Standards are all about details, and it’s only too easy to lose sight of the big picture while writing and debating specific requirements. A committee of appointed members not only brings together different perspectives, but means there will likely be process, political, and administrative overhead. Sound familiar?
To combat this entropy, we created a set of guiding principles and voted to adopt them as official resolutions.PDF Viewed as a whole, the following resolutions created an agenda for a universal approach to the usability and accessibility of voting systems:
- By agreeing on basic principles in advance, the committee could focus on the details of a complex standard with a shared understanding of its goals.
- By defining relationships and important dependencies at the beginning of the project, longer-term work could start immediately, so it would be ready when needed.
- The resolutions could span the development of several versions of the standard.
These resolutions provide both a high-level view of our usability and accessibility goals, as well as specific directives for how to organize the work. This was important for a committee that included many stakeholders, not just user experience and human factors experts. Most importantly, the resolutions define the full scope of the project, and we can use them as a measure of success for the completed standard.
The Human Factors and Privacy Resolutions
Accessible Voting Systems—The first resolution acknowledged the HAVA requirement for accessible voting systems and called for the guidelines to both incorporate the latest available accessible technology and draw on existing regulations for accessibility. This allowed us to build on the work of the Access Board, W3C, and other international standards bodies.
Human Factors and Privacy Requirements for Capturing Indication of a Voter’s Choice—This companion to the first resolution focused on how more usable systems could support voters’ ability to be accurate and efficient in casting their ballots.
Human Factors and Privacy of Voting Systems at the Polling Place—US elections use a secret ballot, and this resolution made the point that usability, accessibility, and privacy are functions of both the system we use to vote and the environment of the polling place. Although our guidelines cover only the system itself, we believed there was an opportunity to provide guidance on good election procedures to support the equipment requirements.
Human Performance-Based Standards and Usability Testing—This was one of the most forward-looking resolutions. It called for standards for performance that are measurable with usability testing. Performance standards allow innovative solutions to the challenges of creating a voting system and avoid narrow design requirements, while still requiring systems to be usable and accessible.
Accommodating a Wide Range of Human Abilities—The voting population includes not only people with specifically identified disabilities, but also an aging population, language minorities, and people with other special needs. This resolution set out the principle that all voting systems—not just so-called accessible systems—should accommodate a wide range of abilities. This universal usability approach to the guidelines will make voting systems more usable for all.
Usability Guidance for Instructions, Ballot Design, and Error Messages—Instructions for voters and poll workers, ballot design, error messages, and Help are important components of any system, so this resolution called for improving the usability of instructions, error messages, and Help through plain language and good ballot design, in all necessary formats.

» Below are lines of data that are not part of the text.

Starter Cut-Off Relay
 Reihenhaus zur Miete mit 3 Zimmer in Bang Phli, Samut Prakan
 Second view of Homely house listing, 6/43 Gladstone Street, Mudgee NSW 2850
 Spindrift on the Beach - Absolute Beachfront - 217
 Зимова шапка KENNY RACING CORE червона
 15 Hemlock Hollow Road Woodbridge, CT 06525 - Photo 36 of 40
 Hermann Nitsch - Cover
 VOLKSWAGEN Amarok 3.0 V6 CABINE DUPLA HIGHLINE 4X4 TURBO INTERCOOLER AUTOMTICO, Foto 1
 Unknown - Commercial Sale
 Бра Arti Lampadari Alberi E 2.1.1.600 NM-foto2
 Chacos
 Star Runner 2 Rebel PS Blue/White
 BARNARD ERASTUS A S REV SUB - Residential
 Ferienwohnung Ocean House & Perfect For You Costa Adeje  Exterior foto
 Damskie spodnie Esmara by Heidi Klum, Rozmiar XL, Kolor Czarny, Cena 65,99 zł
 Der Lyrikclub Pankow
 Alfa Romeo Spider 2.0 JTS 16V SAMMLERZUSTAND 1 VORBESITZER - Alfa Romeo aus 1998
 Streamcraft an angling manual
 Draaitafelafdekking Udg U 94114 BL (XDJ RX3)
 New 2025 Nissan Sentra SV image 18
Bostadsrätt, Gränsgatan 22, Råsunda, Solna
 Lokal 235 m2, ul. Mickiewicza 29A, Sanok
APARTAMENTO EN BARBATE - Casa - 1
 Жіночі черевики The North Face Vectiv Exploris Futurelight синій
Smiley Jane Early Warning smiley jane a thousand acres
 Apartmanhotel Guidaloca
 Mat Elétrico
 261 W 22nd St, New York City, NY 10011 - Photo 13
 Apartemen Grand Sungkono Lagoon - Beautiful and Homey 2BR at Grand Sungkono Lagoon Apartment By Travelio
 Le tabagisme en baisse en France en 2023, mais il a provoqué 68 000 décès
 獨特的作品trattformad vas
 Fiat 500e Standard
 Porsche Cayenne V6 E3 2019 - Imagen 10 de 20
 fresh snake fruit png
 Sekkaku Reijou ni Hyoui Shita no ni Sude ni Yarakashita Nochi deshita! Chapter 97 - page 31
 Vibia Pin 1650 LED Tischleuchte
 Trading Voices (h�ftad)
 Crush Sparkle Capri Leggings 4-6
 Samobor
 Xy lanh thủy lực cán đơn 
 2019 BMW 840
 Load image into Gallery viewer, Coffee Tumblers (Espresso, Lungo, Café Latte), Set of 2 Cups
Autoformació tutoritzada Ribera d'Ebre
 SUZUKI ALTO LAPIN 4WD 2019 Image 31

General Voting System Human Factors and Privacy Considerations—This resolution ensured that the committee would consider the usability and accessibility of all aspects of the system, including security features and other functional requirements, and review all guidelines for their implications for human factors.
Usability of the Standards—Anyone who has read a standard knows that they are often written in arcane language. We wanted to express the requirements in clear, plain language that is understandable to experts in usability testing, voting officials—who may not be experts in human factors—and advocates who are interested in voting systems.
Availability of Voting Machines for Validating Benchmarks and Conformance Test Protocols—The last resolution covered important housekeeping. Creating a standard usability test meant that the staff needed access to a variety of real voting systems. This resolution enabled NIST to set up a program under which vendors could make their systems available to the team developing and testing these guidelines.